Three Pears
12" x 18"
Jewel Jar with Candies
16" x 12"
These are two more images of painting that will be in my show in two weeks. The next few days will be spent framing and taking the work to the gallery. I'm hoping to paint two more small works for the show and will update you when I do.
I've written an artist statement for the show and thought I'd share it here:
Artist Statement
Robert Lemay
2011
The history of still life painting is, among other things, a history of the object and a record of how we consume, what we desire, and what we hold dear. The current global financial crisis and the recession have left many feeling that the old patterns of spending and consumption are no longer viable. There is much to embrace in the new austerity.
Still life has been my subject for 25 years and I’ve never tired of it because of the boundless permutations and because of all the things that objects silently speak.
When I was walking our dog a couple of years ago I came across a crumpled coke can – suburban detritus. It’s surprising actually, how many you see when you’re out walking and are attuned to looking for what is discarded. As an object of consumer culture it’s endlessly interesting. As a commodity, it’s accessible to most, and people from all walks of life drink it. When the can is crushed, the viewer fills in with the eyes the parts of the image that become illegible. It’s still recognizable, however changed. There’s a sort of carelessness, represented by the crushed can, anger, even. The early branding of Coca-Cola was ‘the pause that refreshes.’ It offered the idea that even in rough times, one could be uplifted by this product, bolstered to carry on.
When I first saw a crushed Coke can in the grass beside the walking path, it seemed to me to speak to a disillusionment with this sort of message, even though clearly, the product had still been consumed. There is an understanding that the world is a much more complicated place than it ever has been, and that the ways in which we consume are also more fraught.

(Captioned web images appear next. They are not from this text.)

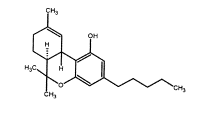 thc chemical structure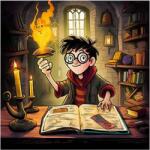 Cakesicq Papírzsebkendő 16 × 16 cm, 20 db, Harry Potter - Cakesicq (ilcGR.N105)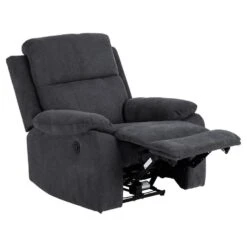 Relaxfauteuil Donkergrijs - 95x90x98cm - Verstelbaar - Rinda -Leenbakker Winkel be3923f2414d420daf060a4d65629600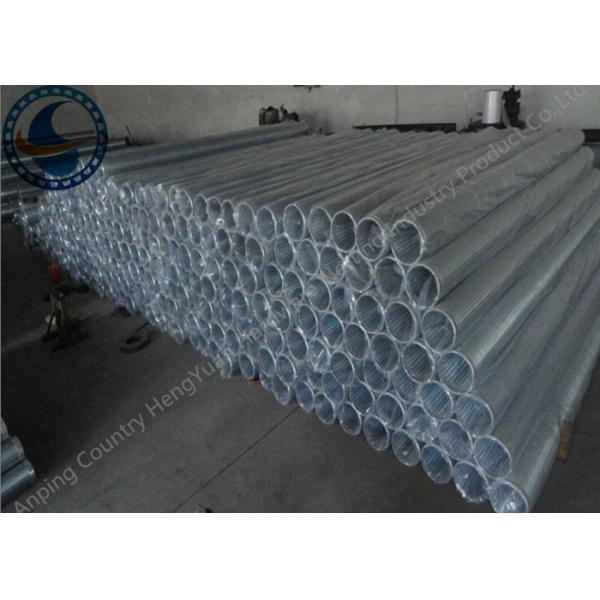 High Efficiency Profile Wire Screen , Wire Wrapped Screen Large Open Area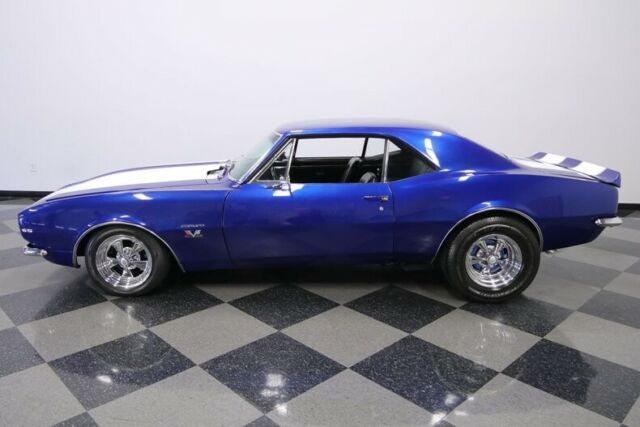 1967 Blue Chevrolet Camaro Coupe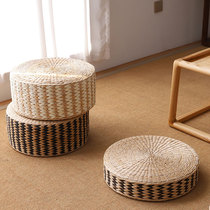 Home living room sitting pier tea table next to the bench floor cushions tatami bushel simple cushion balcony floating window cushions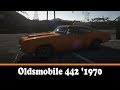 Oldsmobile 442 1970 для GTA 5 видео 1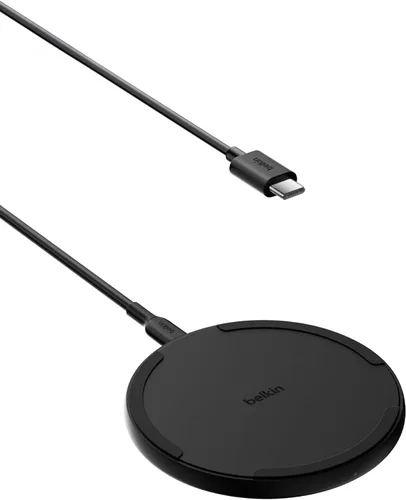 Miniatura 7 de Belkin Almohadilla de carga inalámbrica de carga rápida, almohadilla de carga con certificación Qi de 10 W para iPhone de Apple, Samsung Galaxy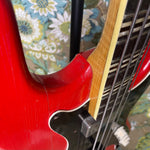 Hofner 185 Artist Bass Red 1960's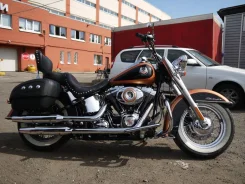 Harley-Davidson Softail Deluxe FLSTN. 1 600����. ��., ��������, ���, ��� ������� ����
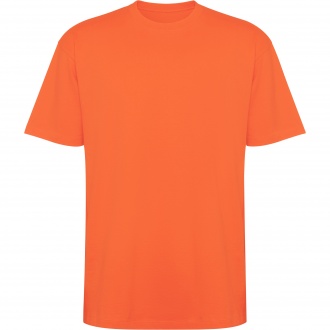 BULL - Koszulka oversize z krótkim rękawem. 100% bawełna, gramatura: 210 g/m².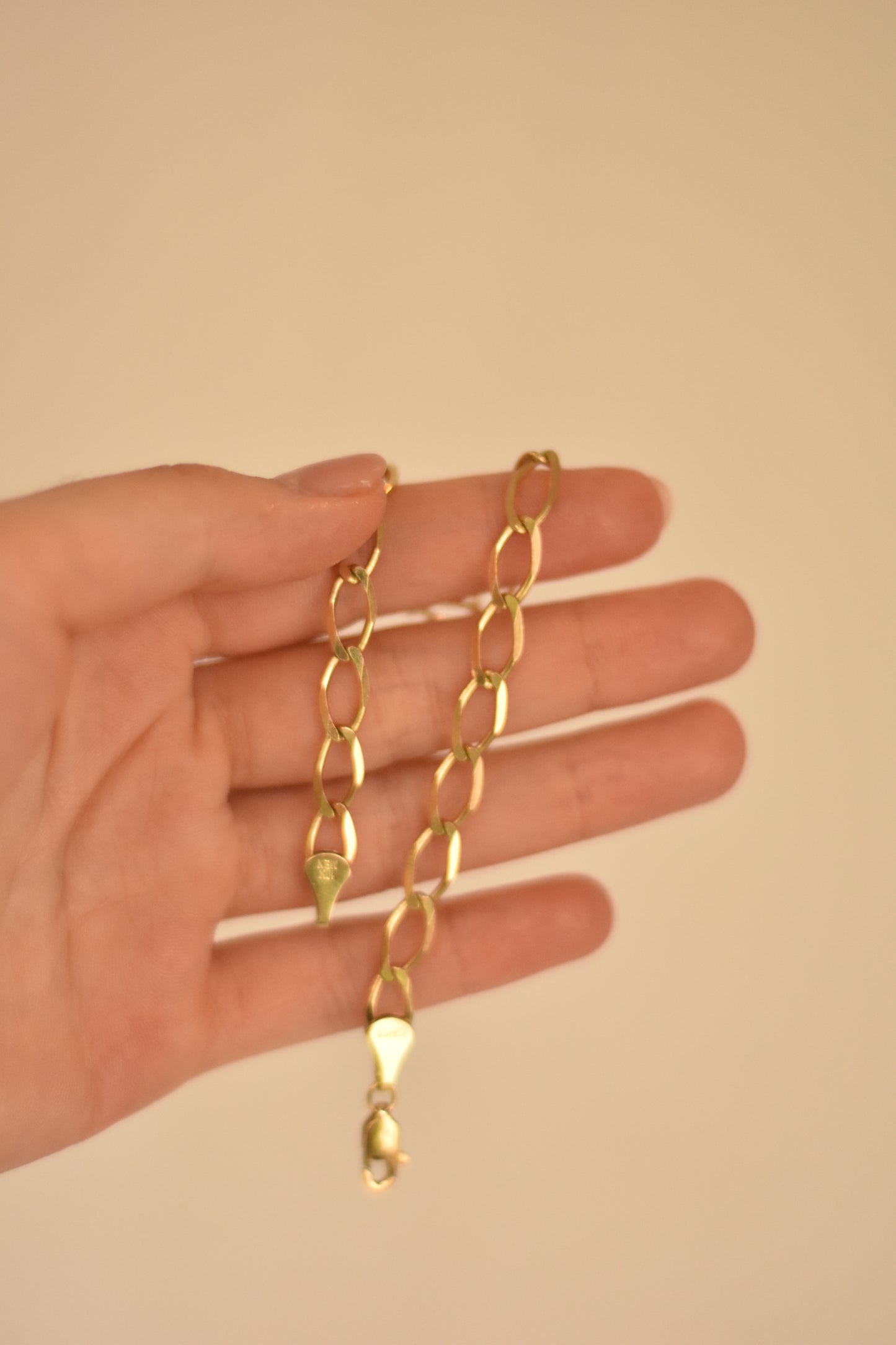 Brazalete de oro 10k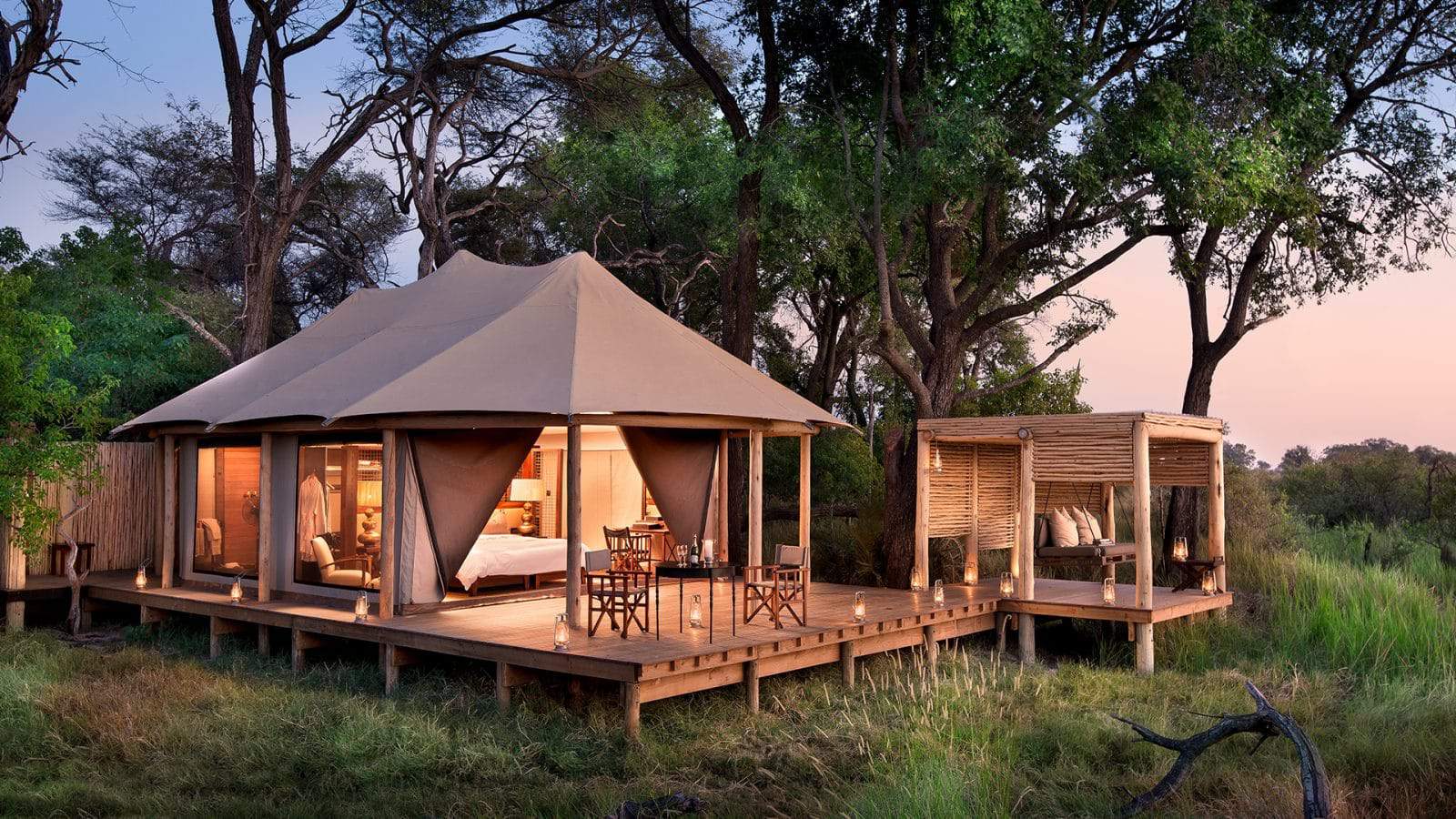 Honeymooning in Botswana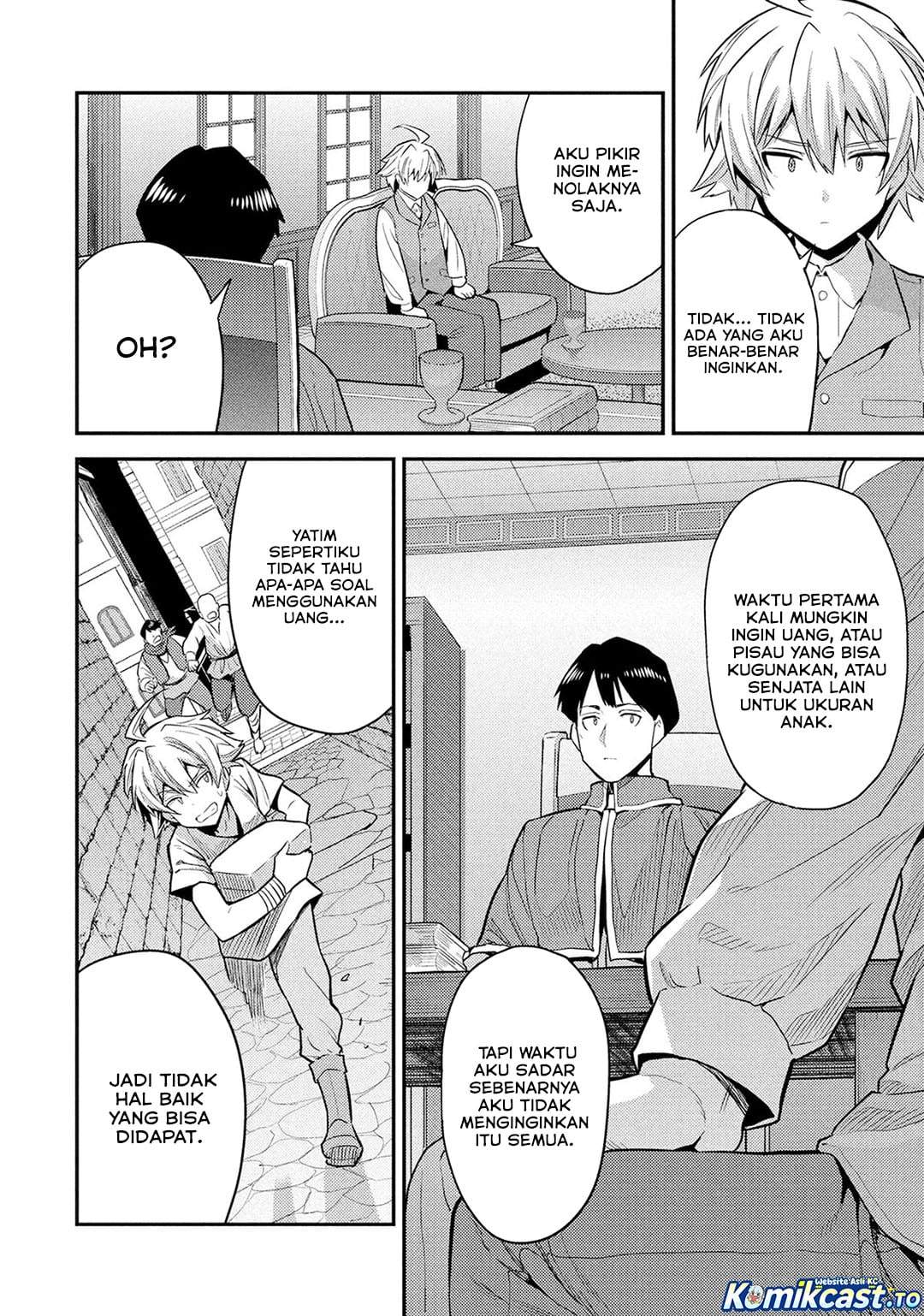 Risou no Himo Seikatsu Chapter 86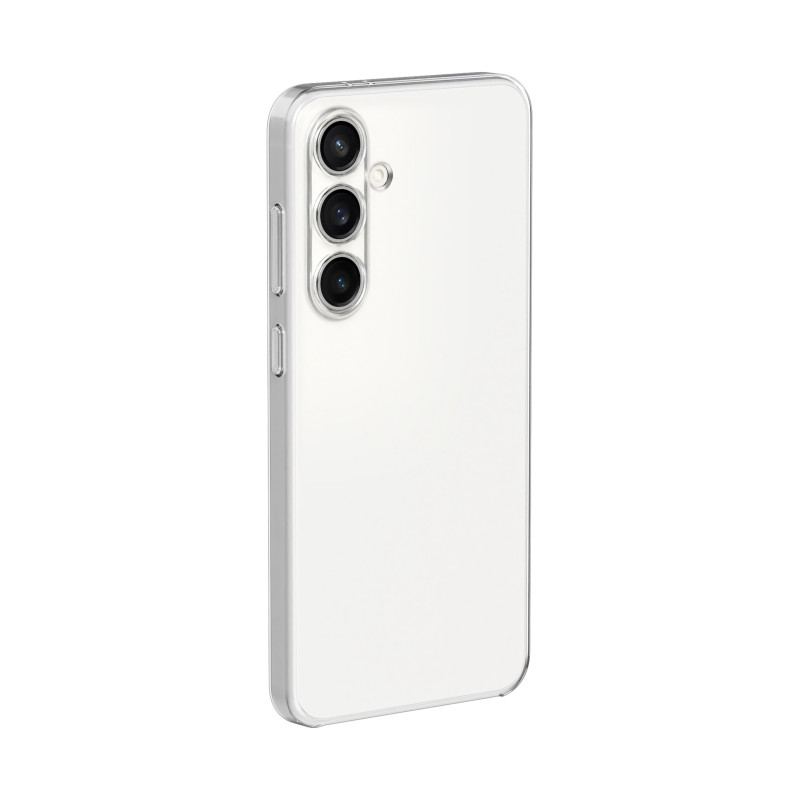 Samsung Priehľadný zadný kryt pre Samsung Galaxy S24 FE Transparent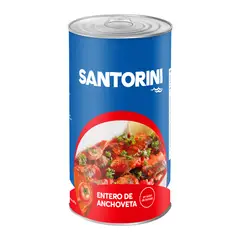 SANTORINI - Anchoveta en Salsa de Tomate Envase 200 g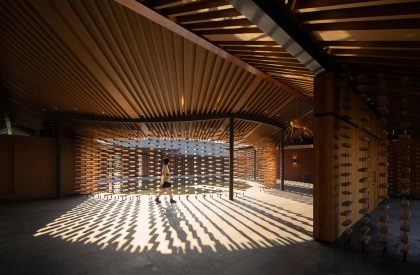 Shanshui Firewood Garden | MIX Architecture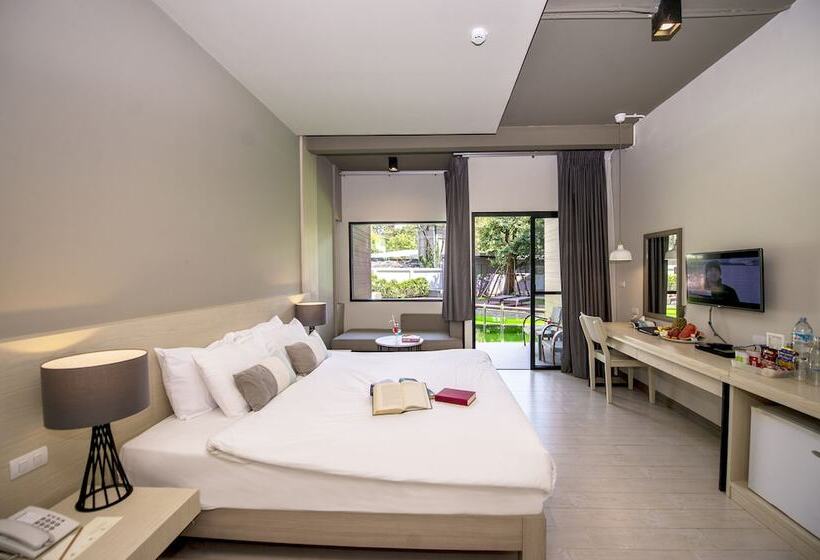 프리미엄 룸, Krabi La Playa Resort Sha Plus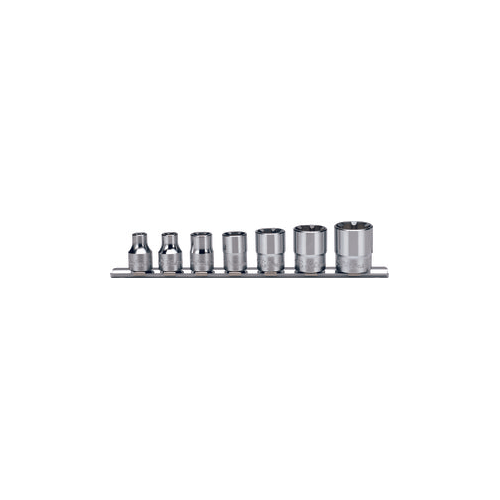 Picture of 3/8 Sq. Dr. Socket set  5S-16S  150mm  7 pieces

The book series I’m working on explores the structural and poetic qualities of worn and tattered old books. So much of our experience has become a data stream – we move from iPhone to computer to television to video games. And while these are all valuable modes of communication and entertainment, they are all very intangible. It seem to me that the more we turn to digital forms, the more we will crave things that we can touch and smell, and experience through the senses. The weight and texture of objects will only become more important to us. The practice of painting itself – this process of smearing pigment on a canvas – is also very sensory. People have predicted for some time that painting is dead, that books are becoming outmoded – but in fact I think that they will in some ways become more important – more loved and better scrutinized.